O presidente do STF, Edson Fachin, cancelou o almoço que tinha marcado com colegas da Corte para discutir a implantação de um Código de Ética. A reunião seria no dia 12 de fevereiro, no gabinete da presidência, em Brasília. A decisão veio após resistência interna e comentários públicos de Alexandre de Moraes, contrário à criação de novas regras.

A proposta de Fachin visa ampliar transparência, integridade e prevenção de conflitos de interesse no STF. No entanto, há divergência interna e baixa adesão ao debate entre os ministros. O assunto acontece em meio a críticas ao Judiciário e a debates sobre necessidade de normas de conduta para a Corte.

Suspeita de lavagem de dinheiro envolve contrato

O senador Alessandro Vieira pediu a quebra de sigilos do escritório da esposa de Moraes, ligado a suspeitas sobre um contrato de cerca de 129 milhões com o Banco Master. A comissão ainda analisa indícios de que recursos não teriam origem regular. Os requerimentos aguardam aprovação.

Moraes comenta sobre imprensa e acusações

Moraes afirmou que a imprensa ajuda supostos agressores da Corte ao divulgar críticas que distorcem regras de impedimento.
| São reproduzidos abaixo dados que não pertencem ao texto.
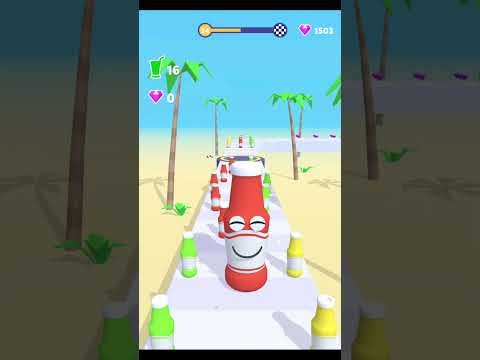 Juice Run🥤All Levels Gameplay Android, IOS – Walkthrough#39JuiceRun​#gameplay​#shorts​  #mobilegame​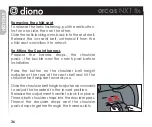 Preview for 36 page of Diono Orcas NXT fix Instruction Manual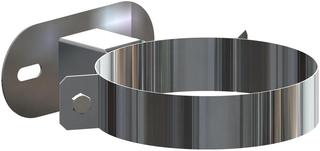 MHG Befestigungs-Set ES, DN 110/160, PP/Edelstahl blank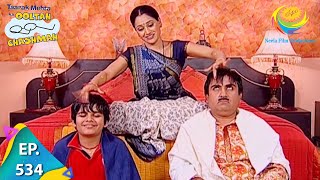 Taarak Mehta Ka Ooltah Chashmah  Episode 534  Full Episode [upl. by Hildegard212]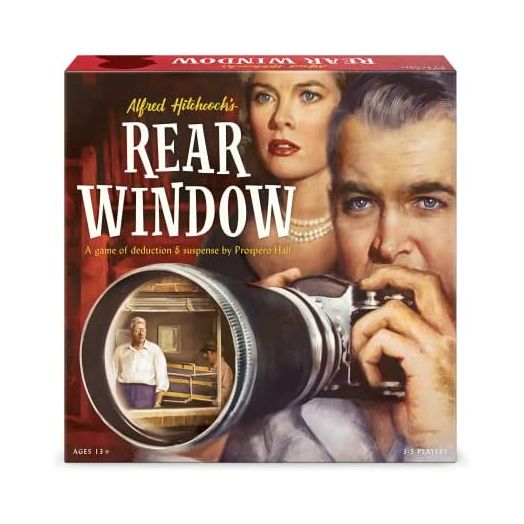 Funko Rear Window Game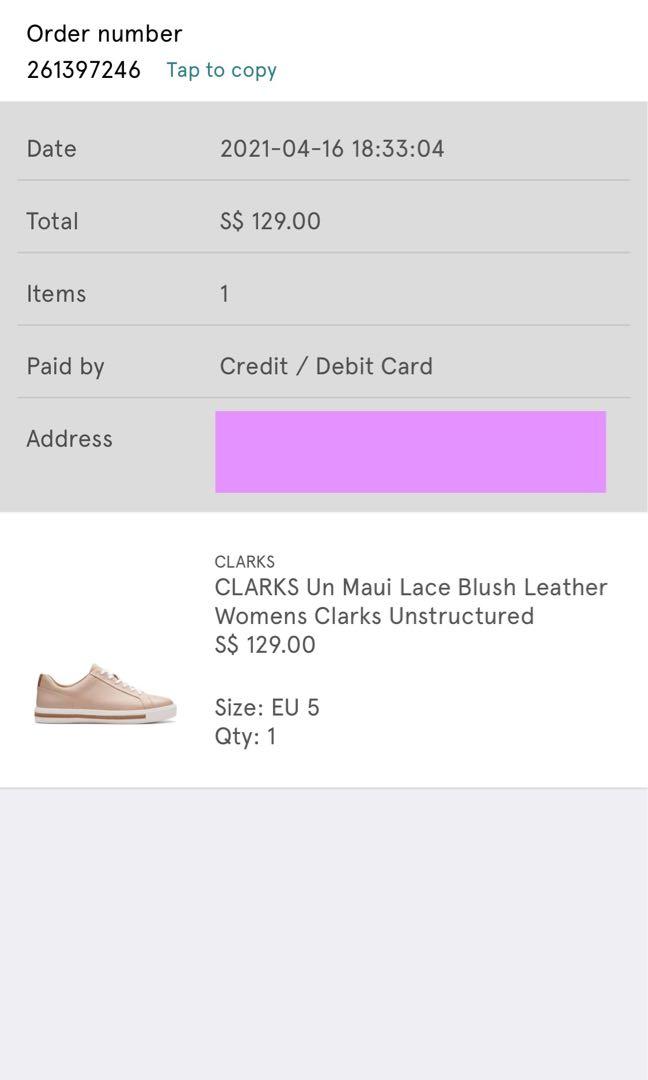 Clarks shoes on sale promo code 2019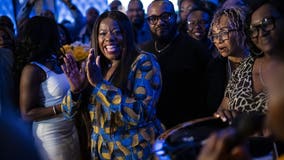 Taraji P. Henson, Gov. Moore attend Braveboy’s swearing-in as PG County Executive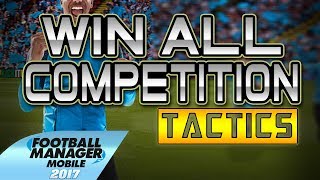 [Tactics] Win All Competition With This Tactics (FMM17) -Tips/Tricks screenshot 1
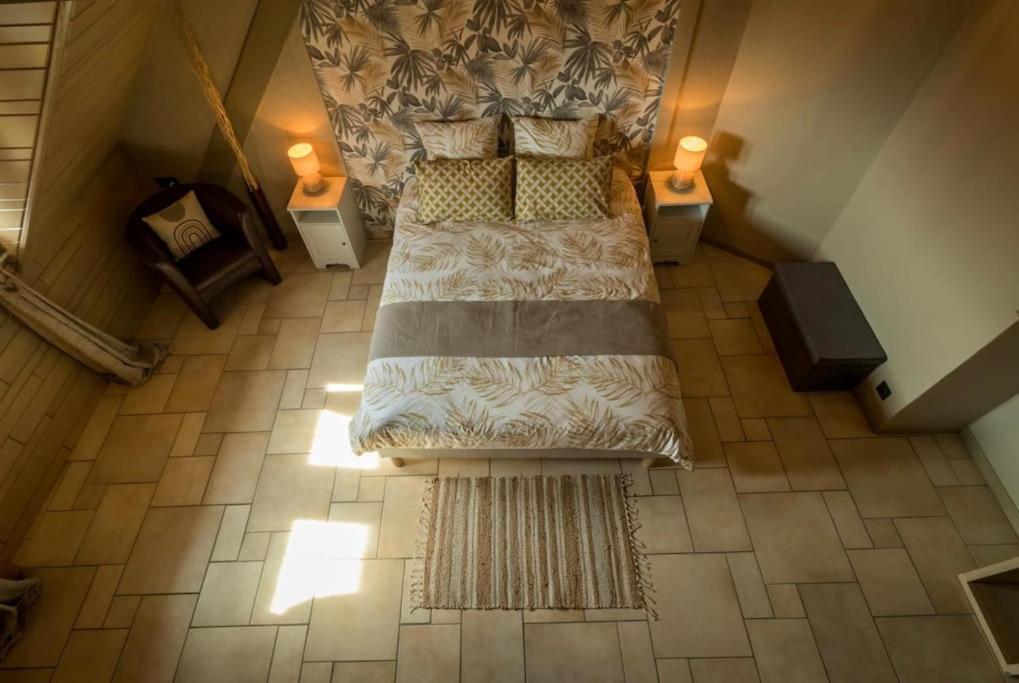 Le Kelsch, Loft Duplex 130M2 Avec Sauna, Proche Vignoble Marlenheim Exteriör bild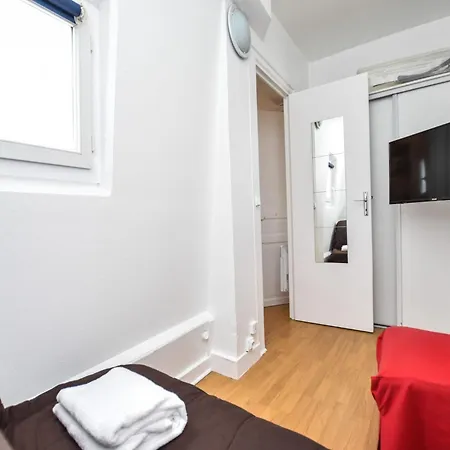 Apartment Cosy 2p - Montmartre Sacre Coeur Paris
As declarações ocorreram durante julgamento sobre normas do CNJ para uso de redes sociais por juízes, com críticas a reportagens sobre o caso Banco Master.

Moraes e Toffoli defendem ações de magistrados

Ambos os ministros defenderam a manutenção de regras que permitem que juízes tenham ações em empresas, desde que não haja função de gestão. A posição foi apresentada durante julgamento sobre normas do CNJ, em meio aos efeitos do caso Banco Master. A ideia é manter a regulação existente.